Ein Tagebuch führt er nicht, und so verschwimmen die Bilder des Sommers in einer Art Suada, die sich auf die Geschehnisse in der unmittelbaren Umgebung konzentriert: die Rundgänge durch Gebüsch und Wald, Begegnungen mit den Schlangen, die er abzuwehren versucht, kleine Arbeiten wie sporadisches Brotbacken, ausgedehnte Ruhepausen, andrängende Erinnerungen und Reflexionen bis hin zur Frage der Existenz Gottes, die er bejaht, allerdings mit dem Vorbehalt, dass Gott wohl sehr spezielle Arbeitszeiten haben müsse.
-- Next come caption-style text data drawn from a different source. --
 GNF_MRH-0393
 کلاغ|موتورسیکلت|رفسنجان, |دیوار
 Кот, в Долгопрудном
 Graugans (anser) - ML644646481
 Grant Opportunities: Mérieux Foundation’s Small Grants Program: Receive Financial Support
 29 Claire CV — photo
Das gilt auch für ihn selbst, und so wie er einerseits als Brandwächter ständig angespannt ist, nimmt er seinen selbstverordneten Abstand von der bisherigen Umgebung sehr ernst - einen Hilferuf seiner geschiedenen Frau, die sich seine Teilnahme am Begräbnis ihrer Mutter wünscht, beantwortet er nicht einmal. Er ist Zuschauer, sei es ganz buchstäblich mit dem Fernrohr, das er über die Insel und deren Siedlungen wandern lässt, oder während sporadischer Besuche im nächsten Ort, wo sich ein Drama anbahnt, das schließlich in einen verzweifelten Vatermord mündet.
Noch ein anderer kommt zu Tode, der Veteran Tomo, der fünf Jahre lang im jugoslawischen Bürgerkrieg kämpfte und nun nicht nur durch zahllose Granatsplitter in seinem Körper gezeichnet ist. Tomo, der den Sommer über nachts Wildschweinen auflauert und sie zu Dutzenden erlegt, lädt den Erzähler einmal in den Keller seines Steinhauses am Rande der Ortschaft ein, wo es vor Waffen wimmelt und auch vor Jagdtrophäen. Der Erzähler weigert sich, das Offensichtliche zu benennen, der Autor aber lässt die innere Verwandtschaft der beiden umso deutlicher durchblicken und auch das Privileg des Brandwächters, mit der eigenen Vergangenheit zu brechen und sie aus der Distanz zu betrachten.
So stellt sich der Roman in vielfacher Hinsicht in eine lange literarische Tradition der Zivilisationsflucht, ohne die Illusion zu nähren, diese Abkehr von allem ließe sich dauerhaft und in letzter Konsequenz durchführen - kaum zufällig sucht sich der Erzähler eine Tätigkeit jenseits der Gemeinschaft und zugleich in deren Dienst.
Dass er auf diese Weise nichts retten kann, was schon dem Untergang geweiht ist, dass der Bauwahn auf der Insel weiter die Traditionen zerstören wird, die sich noch gehalten haben, ist ihm klar. Und auch, dass wenigstens für ihn selbst auf der Habenseite einige ausgetriebene Dämonen stehen.
TILMAN SPRECKELSEN
Ivica Prtenjaca: "Der Berg". Roman.
Aus dem Kroatischen von Klaus Detlef Olof. Folio Verlag, Bozen 2021. 184 S., geb., 22,- [Euro].